* Recorded information

========================================================================

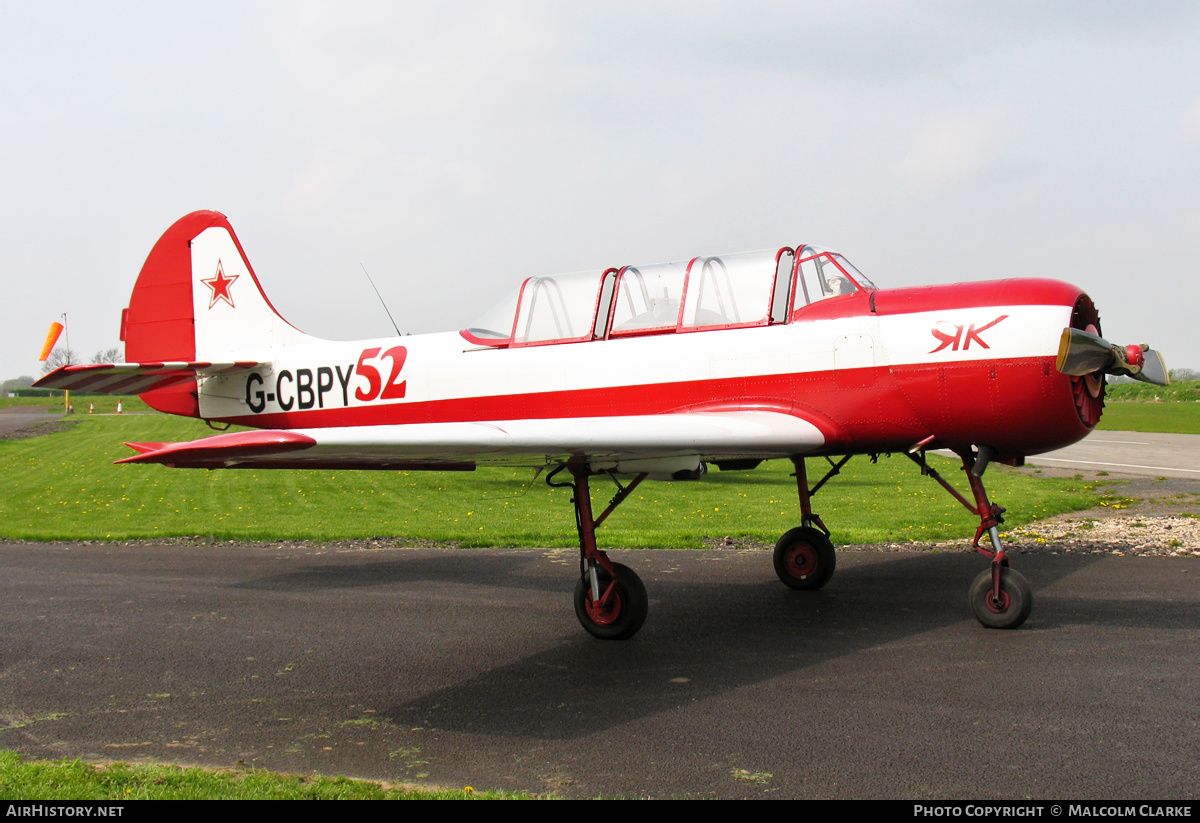 Aircraft Photo of G-CBPY / 52 red | Yakovlev Yak-52 | Soviet Union - Air Force | AirHistory.net #93496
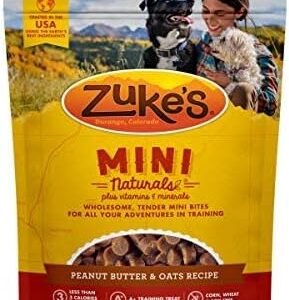 Zuke’s Mini Naturals Dog Training Treats, Peanut Butter – 16 oz (Pack of 2)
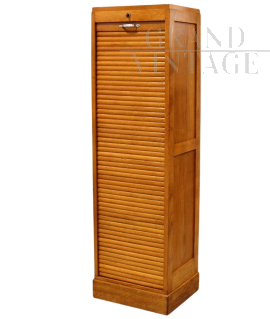 Small office bookcase filing cabinet with single rolling shutter in oak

========================================================================

* Action item
In the copy, keep every line of the data above exactly and drop each picture.

* Answer to this exercise
 Aircraft Photo of G-CBPY / 52 red | Yakovlev Yak-52 | Soviet Union - Air Force | AirHistory.net #93496
 Zuke’s Mini Naturals Dog Training Treats, Peanut Butter – 16 oz (Pack of 2)
 Small office bookcase filing cabinet with single rolling shutter in oak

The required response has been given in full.